[Web page caption snippets]
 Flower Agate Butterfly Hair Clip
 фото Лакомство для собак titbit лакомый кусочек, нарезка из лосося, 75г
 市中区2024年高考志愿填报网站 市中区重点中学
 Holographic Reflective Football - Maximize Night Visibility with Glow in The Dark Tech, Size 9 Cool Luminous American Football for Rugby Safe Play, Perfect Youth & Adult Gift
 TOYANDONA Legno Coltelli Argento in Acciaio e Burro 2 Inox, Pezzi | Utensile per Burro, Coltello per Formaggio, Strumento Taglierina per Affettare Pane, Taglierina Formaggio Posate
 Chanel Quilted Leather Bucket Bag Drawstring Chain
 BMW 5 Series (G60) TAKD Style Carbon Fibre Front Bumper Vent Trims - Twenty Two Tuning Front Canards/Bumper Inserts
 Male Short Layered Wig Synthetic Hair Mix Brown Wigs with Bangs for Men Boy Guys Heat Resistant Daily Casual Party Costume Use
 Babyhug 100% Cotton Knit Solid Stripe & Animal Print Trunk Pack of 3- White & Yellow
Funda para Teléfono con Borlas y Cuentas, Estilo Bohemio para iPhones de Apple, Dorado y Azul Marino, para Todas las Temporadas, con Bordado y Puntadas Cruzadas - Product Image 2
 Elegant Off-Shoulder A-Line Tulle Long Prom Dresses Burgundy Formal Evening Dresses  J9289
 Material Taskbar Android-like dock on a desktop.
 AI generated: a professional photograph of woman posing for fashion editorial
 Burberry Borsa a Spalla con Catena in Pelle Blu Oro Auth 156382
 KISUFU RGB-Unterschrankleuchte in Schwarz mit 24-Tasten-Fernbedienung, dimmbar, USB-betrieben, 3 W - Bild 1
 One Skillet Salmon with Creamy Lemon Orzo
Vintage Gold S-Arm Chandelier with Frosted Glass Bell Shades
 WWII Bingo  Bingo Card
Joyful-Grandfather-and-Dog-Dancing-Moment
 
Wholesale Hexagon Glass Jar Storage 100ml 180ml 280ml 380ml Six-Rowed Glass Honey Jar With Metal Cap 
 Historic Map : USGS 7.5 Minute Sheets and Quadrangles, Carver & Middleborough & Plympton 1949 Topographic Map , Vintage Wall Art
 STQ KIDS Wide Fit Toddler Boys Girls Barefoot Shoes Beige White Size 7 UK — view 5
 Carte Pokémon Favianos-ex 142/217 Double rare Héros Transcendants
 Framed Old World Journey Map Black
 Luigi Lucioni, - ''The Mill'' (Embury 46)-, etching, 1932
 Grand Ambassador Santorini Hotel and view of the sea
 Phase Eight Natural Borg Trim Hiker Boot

> Task objective
Nothing but an exact copy of the lines from the start of the entries through the line containing "Joyful-Grandfather-and-Dog-Dancing-Moment" belongs in the response.

> Solution for this task
 Flower Agate Butterfly Hair Clip
 фото Лакомство для собак titbit лакомый кусочек, нарезка из лосося, 75г
 市中区2024年高考志愿填报网站 市中区重点中学
 Holographic Reflective Football - Maximize Night Visibility with Glow in The Dark Tech, Size 9 Cool Luminous American Football for Rugby Safe Play, Perfect Youth & Adult Gift
 TOYANDONA Legno Coltelli Argento in Acciaio e Burro 2 Inox, Pezzi | Utensile per Burro, Coltello per Formaggio, Strumento Taglierina per Affettare Pane, Taglierina Formaggio Posate
 Chanel Quilted Leather Bucket Bag Drawstring Chain
 BMW 5 Series (G60) TAKD Style Carbon Fibre Front Bumper Vent Trims - Twenty Two Tuning Front Canards/Bumper Inserts
 Male Short Layered Wig Synthetic Hair Mix Brown Wigs with Bangs for Men Boy Guys Heat Resistant Daily Casual Party Costume Use
 Babyhug 100% Cotton Knit Solid Stripe & Animal Print Trunk Pack of 3- White & Yellow
Funda para Teléfono con Borlas y Cuentas, Estilo Bohemio para iPhones de Apple, Dorado y Azul Marino, para Todas las Temporadas, con Bordado y Puntadas Cruzadas - Product Image 2
 Elegant Off-Shoulder A-Line Tulle Long Prom Dresses Burgundy Formal Evening Dresses  J9289
 Material Taskbar Android-like dock on a desktop.
 AI generated: a professional photograph of woman posing for fashion editorial
 Burberry Borsa a Spalla con Catena in Pelle Blu Oro Auth 156382
 KISUFU RGB-Unterschrankleuchte in Schwarz mit 24-Tasten-Fernbedienung, dimmbar, USB-betrieben, 3 W - Bild 1
 One Skillet Salmon with Creamy Lemon Orzo
Vintage Gold S-Arm Chandelier with Frosted Glass Bell Shades
 WWII Bingo  Bingo Card
Joyful-Grandfather-and-Dog-Dancing-Moment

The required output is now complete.